__GOAL OF THE EXERCISE__. Reproduce word for word the lines between those holding "Alexander Wang logo-print" and "BadRhino Big &", inclusive, and nothing else from the data below.

__DATA SUPPLIED__.
-----

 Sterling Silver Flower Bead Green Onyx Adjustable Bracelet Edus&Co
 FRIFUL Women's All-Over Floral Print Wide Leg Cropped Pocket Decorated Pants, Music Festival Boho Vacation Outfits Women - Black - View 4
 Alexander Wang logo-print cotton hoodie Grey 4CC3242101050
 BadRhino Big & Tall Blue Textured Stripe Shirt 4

-----

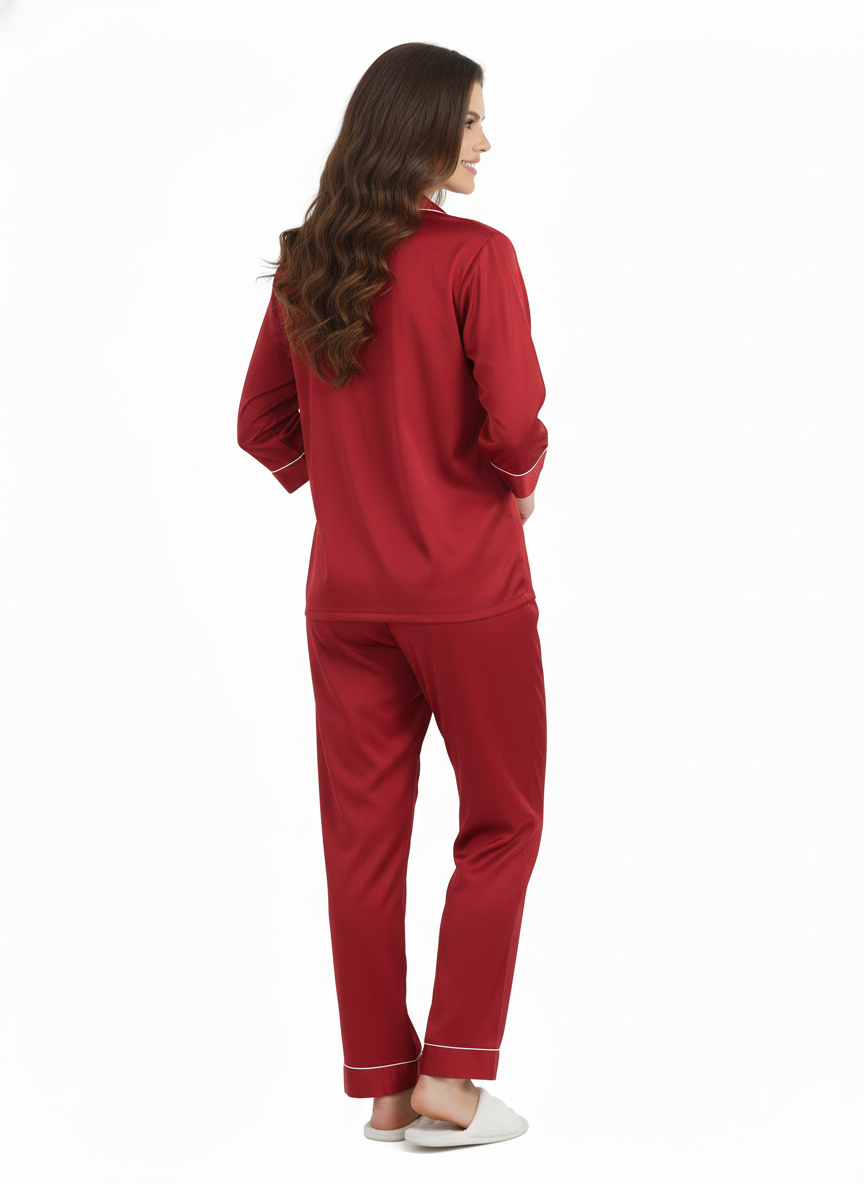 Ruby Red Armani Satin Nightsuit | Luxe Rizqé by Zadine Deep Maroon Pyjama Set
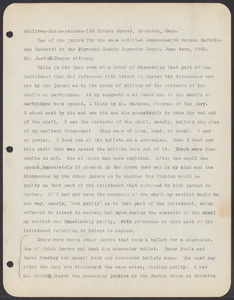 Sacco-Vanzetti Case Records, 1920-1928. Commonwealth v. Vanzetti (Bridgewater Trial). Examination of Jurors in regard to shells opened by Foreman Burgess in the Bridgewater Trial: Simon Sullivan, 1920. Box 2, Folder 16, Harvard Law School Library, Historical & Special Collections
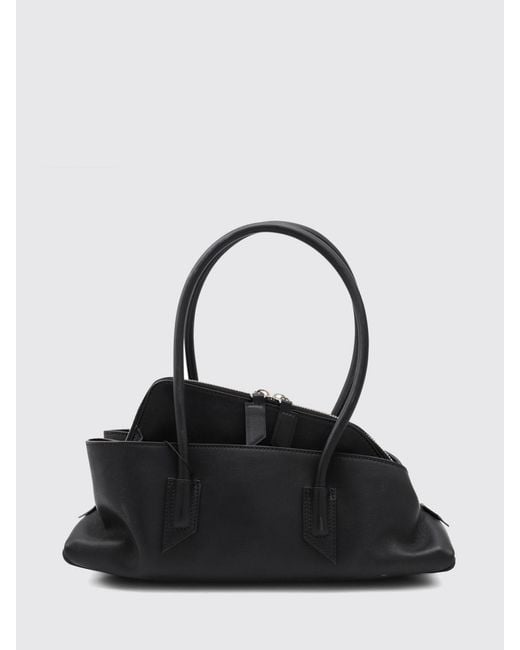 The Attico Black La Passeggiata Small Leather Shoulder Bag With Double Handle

-----

__EXERCISE ANSWER__.
 Alexander Wang logo-print cotton hoodie Grey 4CC3242101050
 BadRhino Big & Tall Blue Textured Stripe Shirt 4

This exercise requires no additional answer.